This release follows earlier treebank releases in that
we include information indicating the relationship with the
morphological analyzer. However, due to the nature of this corpus,
this relationship is now more complicated, containing references
to both the SAMA 3.1 Morphological Analyzer (LDC2010L01), for the
MSA tokens, and the CALIMA v0.5 Morphological Analyzer, for the
ARZ tokens.  This is discussed in more detail below.

Briefly, "source tokens" are the whitespace/punctuation-delimited
tokens (offset annotation) on the source text that receive a
morphological analysis through the SAMA analyzer.  The "tree tokens"
result from splitting up these source tokens into subsequences as
appropriate for the annotation of syntactic structure.

In this release, there are 400,448 source tokens and 508,548 tree tokens.

This terminology, along with information about the UNVOCALIZED and
INPUT STRING forms, is discussed more in this paper, included in this
release:

Consistent and Flexible Integration of Morphological Annotation in
the Arabic Treebank
Seth Kulick, Ann Bies, Mohamed Maamouri
LREC 2010
http://papers.ldc.upenn.edu/LREC2010/KulickBiesMaamouri-LREC2010.pdf

The annotation in this release was done simultaneously with 
development of the morphological analyzer. Therefore there are
some inevitable inconsistencies existing in the data between
the part-of-speech/vocalization/lemma solutions and morphological
analyzer solutions.  These will reconciled in a future release.  
This also affects the generation of the INPUT STRING forms for the
tree tokens, which will be upgraded in future releases.

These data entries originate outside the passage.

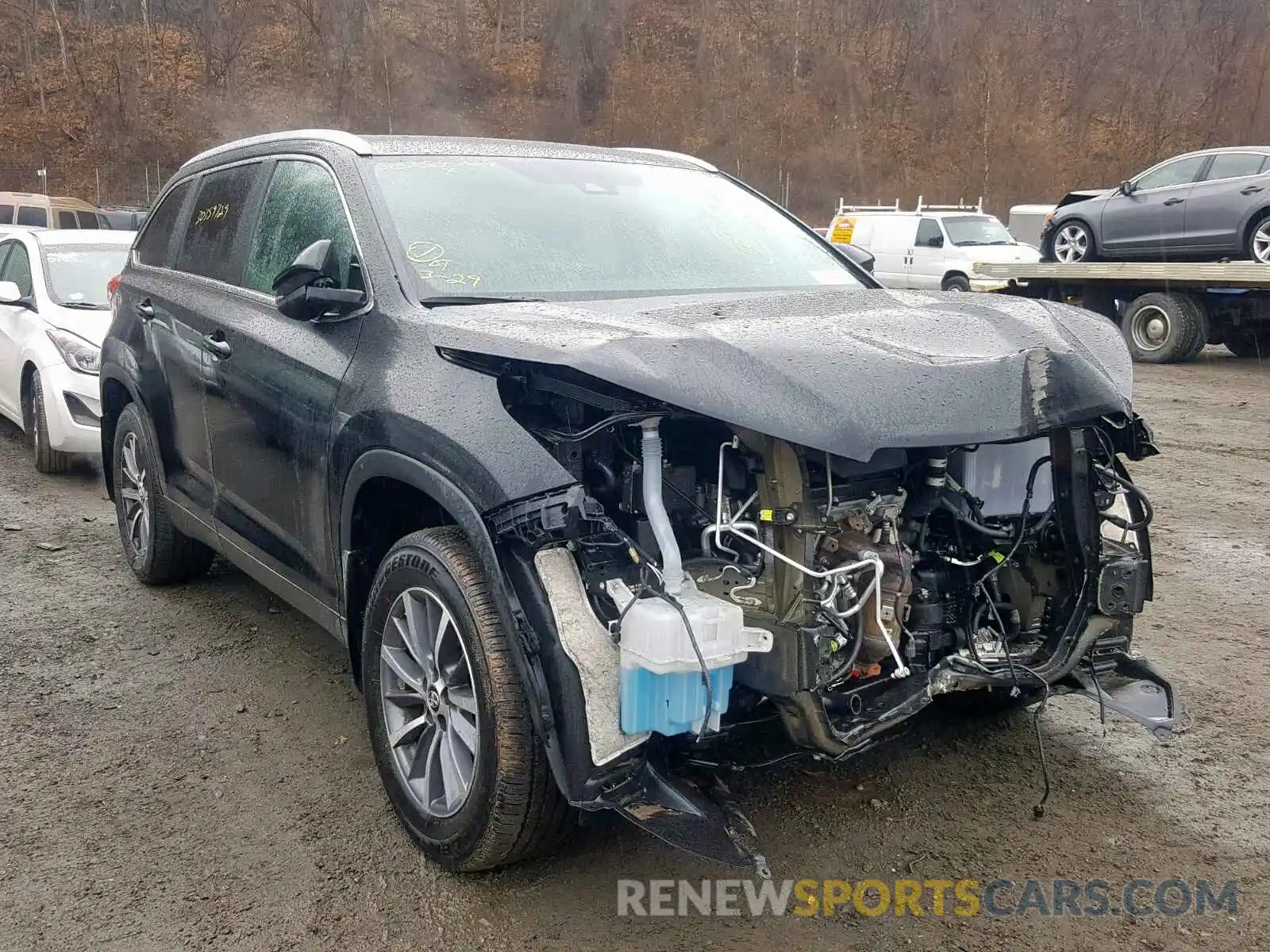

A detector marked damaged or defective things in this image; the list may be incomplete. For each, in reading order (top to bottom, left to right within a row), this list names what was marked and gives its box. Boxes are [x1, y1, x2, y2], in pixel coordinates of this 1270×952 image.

damaged black suv [102, 130, 1181, 876]
crumpled hood [425, 289, 1130, 460]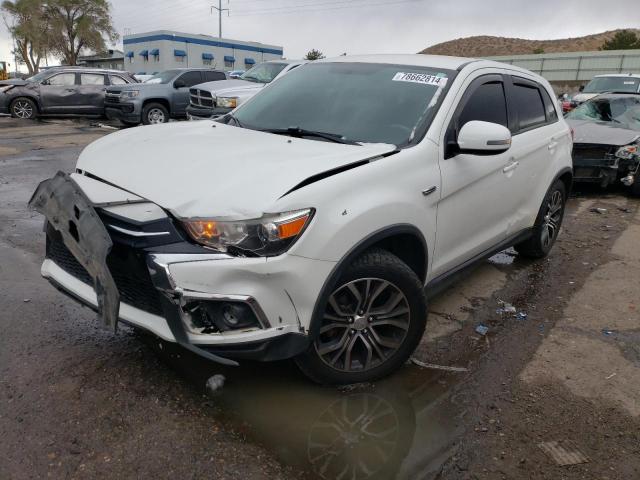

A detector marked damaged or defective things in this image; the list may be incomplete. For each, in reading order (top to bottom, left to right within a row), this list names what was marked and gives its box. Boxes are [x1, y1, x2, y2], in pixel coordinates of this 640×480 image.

detached hood panel [75, 121, 396, 218]
detached hood panel [568, 119, 636, 146]
crushed front bumper [29, 172, 330, 364]
cracked headlight [182, 208, 312, 256]
damaged white suv [30, 54, 572, 384]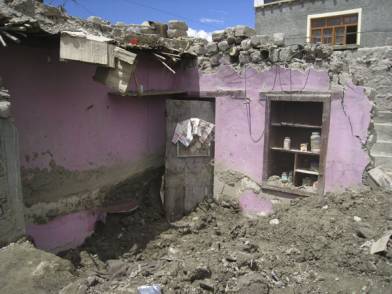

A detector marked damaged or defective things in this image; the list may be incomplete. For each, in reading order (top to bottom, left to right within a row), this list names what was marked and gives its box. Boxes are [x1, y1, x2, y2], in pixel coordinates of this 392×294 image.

broken wooden door [165, 99, 214, 220]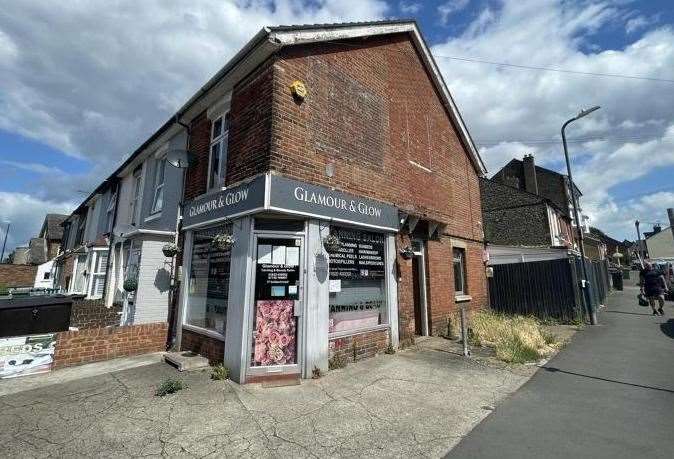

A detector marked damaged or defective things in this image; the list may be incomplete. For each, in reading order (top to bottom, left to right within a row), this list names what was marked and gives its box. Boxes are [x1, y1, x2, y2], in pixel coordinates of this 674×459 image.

cracked tarmac [0, 340, 536, 458]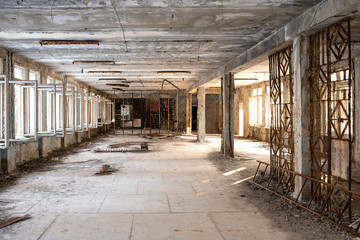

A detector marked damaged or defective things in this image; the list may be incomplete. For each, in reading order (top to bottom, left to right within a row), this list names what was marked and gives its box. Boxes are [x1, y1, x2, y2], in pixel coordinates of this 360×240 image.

peeling plaster wall [233, 81, 270, 141]
rusty metal grid [268, 46, 294, 181]
cracked concrete floor [0, 135, 304, 240]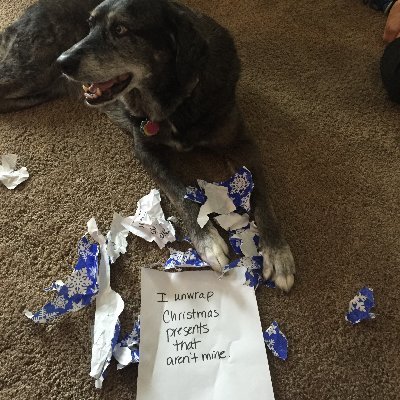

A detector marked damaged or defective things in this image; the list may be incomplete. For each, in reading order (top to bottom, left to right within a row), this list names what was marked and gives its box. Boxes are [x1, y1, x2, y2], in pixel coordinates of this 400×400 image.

==================================================================
Contents:
1. .su.xml files converted tdf files for annotation
2. Solution status field
3. Synchronization with CALIMA
4. File extensions and directory structure
5. Description of the "Integrated" format
6. Additional Information
7a. data/xml/pos/FILE.xml not included
7b. A note about multiple trees on one line
7c. Non-ASCII punctuation characters
7d. Characters not included in tokens
==================================================================

==================================================================
1. .su.xml files converted tdf files for annotation
==================================================================

The source files used for this corpus are the .su.xml files included
in the data/su_xml directory.  For purposes of POS annotation, these
were converted to the .tdf files included in the data/tdf directory.
The conversion used a simple script that searched for <su> tags and
captured two pieces of data: the "id" attribute and the text content
of the element. The "id" element was placed in the "file" column of
the TDF file and the text content was placed in the "transcript"
column. Other columns of the TDF were filled with predictable data.
Leading whitespace in the text from su_xml was stripped for inclusion
in the tdf file.

For convenience, we include a file token-mapping.txt that makes
explicit the linkage between the annotation files, the .tdf files,
and the .su.xml file.  There are 8 columns:

1) The location of the token, of the form filename:paragraph #:token#.
This corresponds to the pos/before file.
2) Token offsets, again as in the pos/before file.
3) The source text as included in the INPUT STRING field in the pos/before file.
4) The text taken directly from the .tdf file.
5) The id of this paragraph in the su_xml file.
6) The corresponding offsets of this token in the su_xml file.
7) The text taken directly from the su_xml file.
8) A potentially empty column, that will have the text "file/tdf
difference" if there is a difference between the text as in the INPUT
STRING field in the pos/before file and as in the tdf file.

In most cases the offsets are the same in columns 2 and 6, but may be
different if the leading whitespace was trimmed before being used in the
.tdf file.  There are a few cases in which column 8 does indicate a
file/tdf difference. These concern the characters Arabic question mark,
Arabic comma, and tatweel, which have traditionally been mapped to the
corresponding ascii characters in ATB releases.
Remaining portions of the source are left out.